▶ [PROBLEM STATEMENT]:
Every record below must be retyped exactly, with the pictures left out.

▶ [INPUT]:
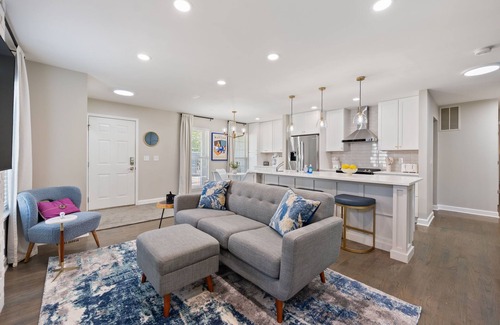 Fox Valley House | Plainfield FHS Rental – Monticello Cir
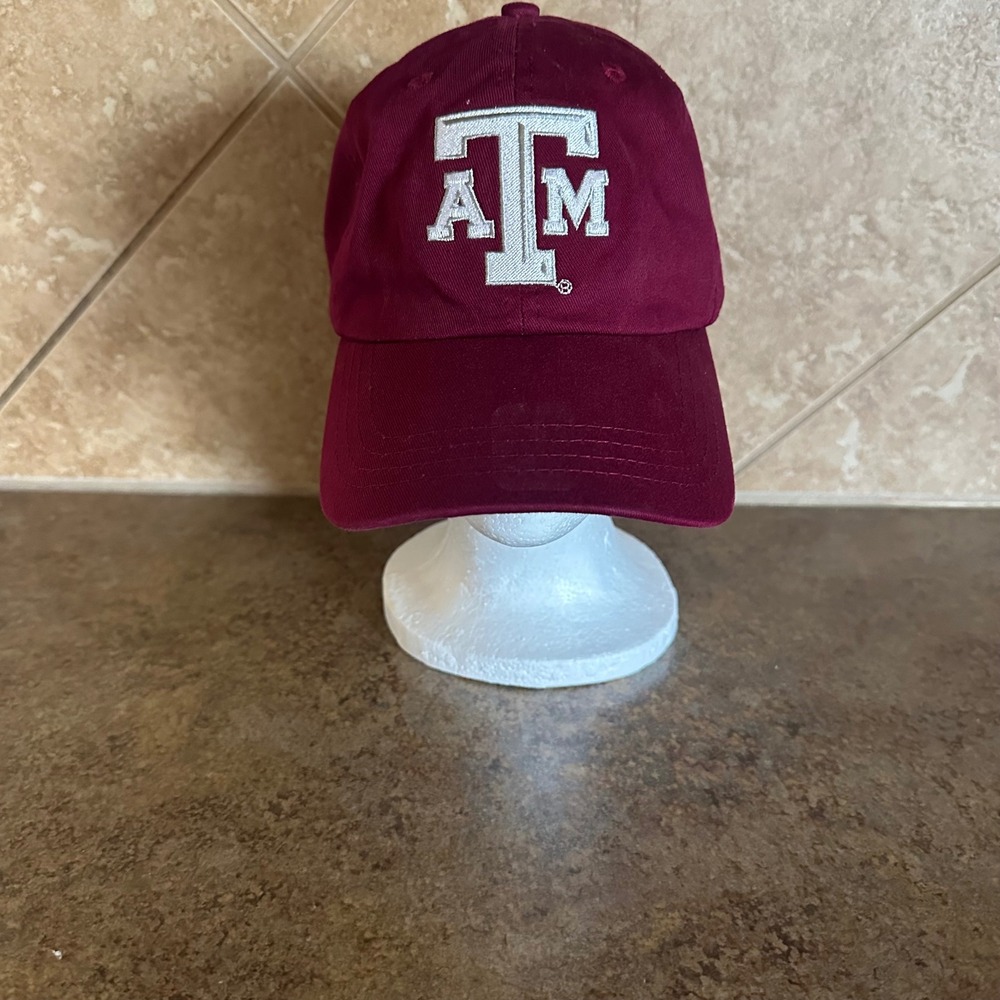 Texas A&M Aggies Hat Maroon Baseball Cap Russell Athletic Collegiate NCAA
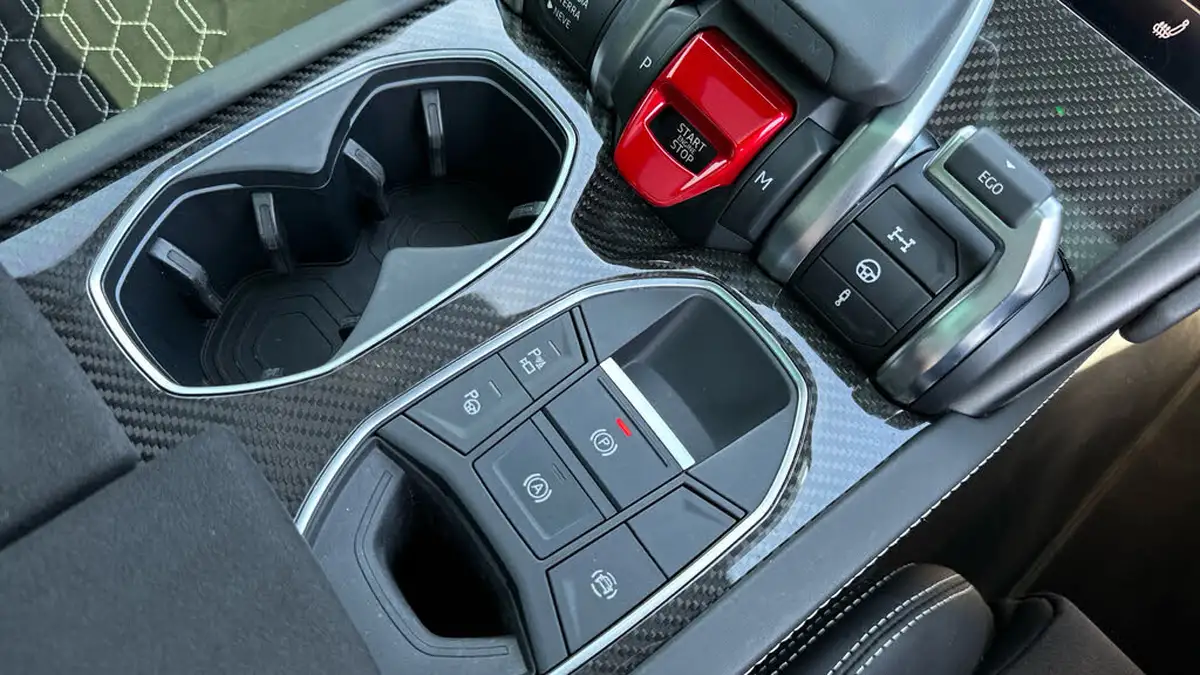 2022-lamborghini-urus-40-no-trim-big-18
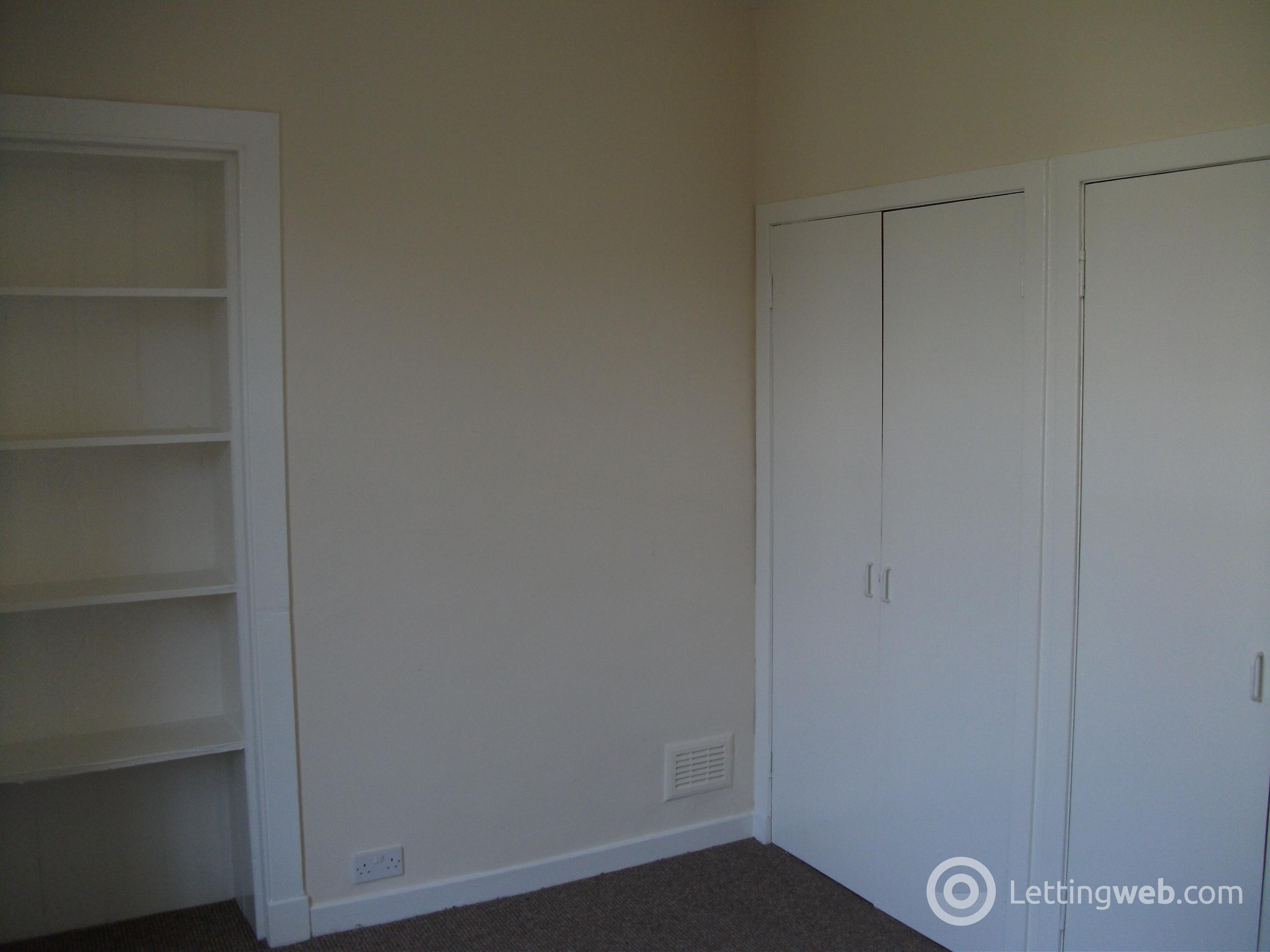 Property to rent in Lyon Street Dundee
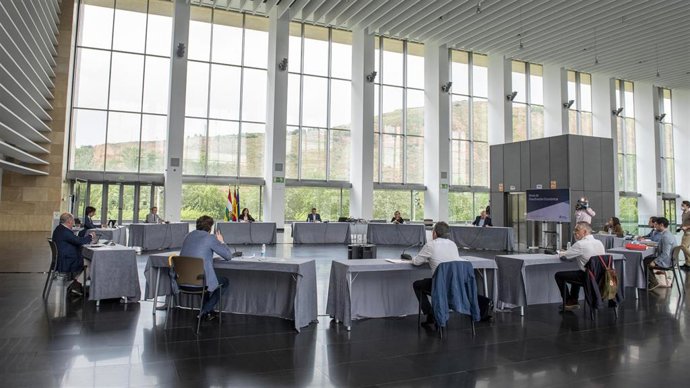 REUNIÓN SOBRE LA RECONSTRUCCIÓN ECONÓMICA Y SOCIAL DE LA RIOJA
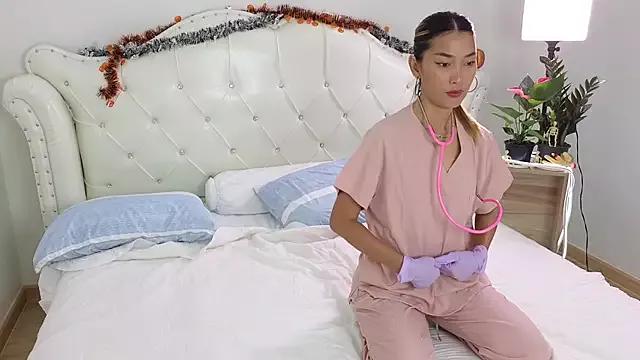 Discover slutty escort Iwantbee iwantbee from StripChat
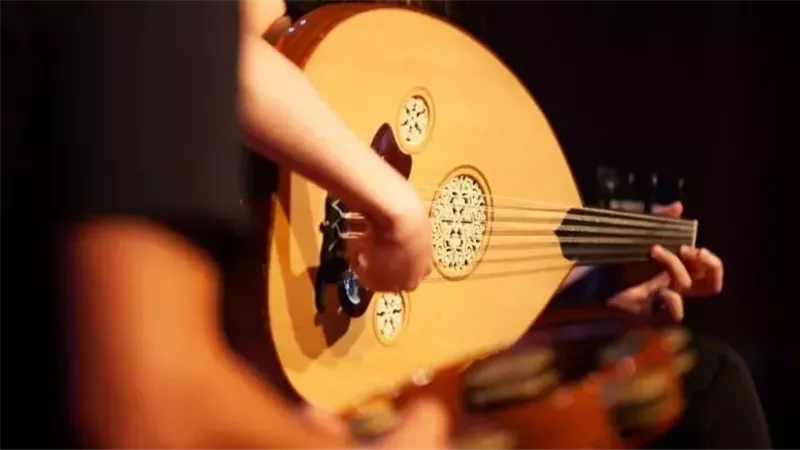 آلة العود 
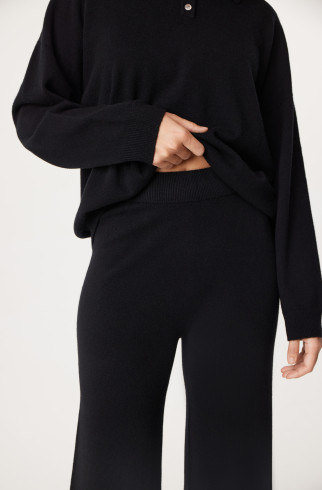 Брюки трикотажные Celestyna , Черный, арт. FR23FW4PN030K200BL купить в интернет-магазине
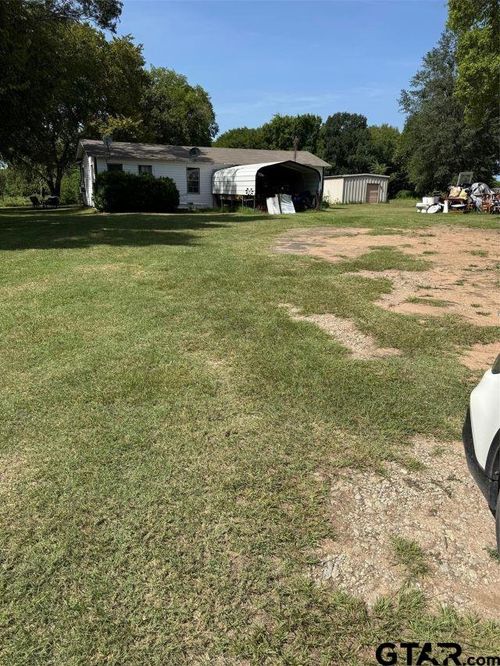 510 W Pine St, Edgewood, TX, 75117-2944 | Card Image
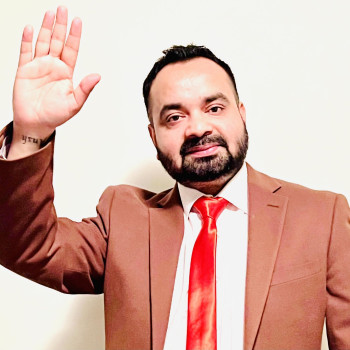 सगरमाथा म्युजिक अवार्ड : वाचा गरौंमार्फत डाक्टर अधिकारीले जिते उत्कृष्ठ गीतकारको अवार्ड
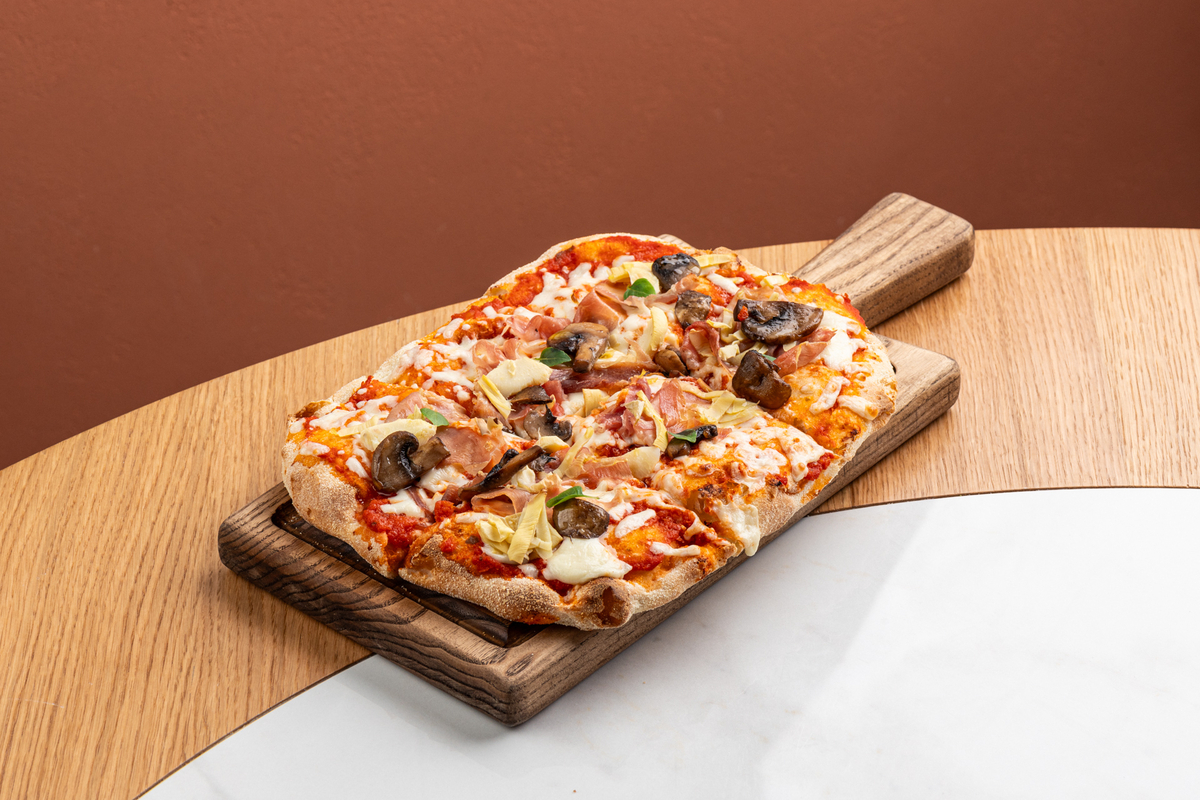 Пицца с пармской ветчиной, артишоками и грибами 25см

▶ [SOLVED EXERCISE]:
 Fox Valley House | Plainfield FHS Rental – Monticello Cir
 Texas A&M Aggies Hat Maroon Baseball Cap Russell Athletic Collegiate NCAA
 2022-lamborghini-urus-40-no-trim-big-18
 Property to rent in Lyon Street Dundee
 REUNIÓN SOBRE LA RECONSTRUCCIÓN ECONÓMICA Y SOCIAL DE LA RIOJA
 Discover slutty escort Iwantbee iwantbee from StripChat
 آلة العود 
 Брюки трикотажные Celestyna , Черный, арт. FR23FW4PN030K200BL купить в интернет-магазине
 510 W Pine St, Edgewood, TX, 75117-2944 | Card Image
 सगरमाथा म्युजिक अवार्ड : वाचा गरौंमार्फत डाक्टर अधिकारीले जिते उत्कृष्ठ गीतकारको अवार्ड
 Пицца с пармской ветчиной, артишоками и грибами 25см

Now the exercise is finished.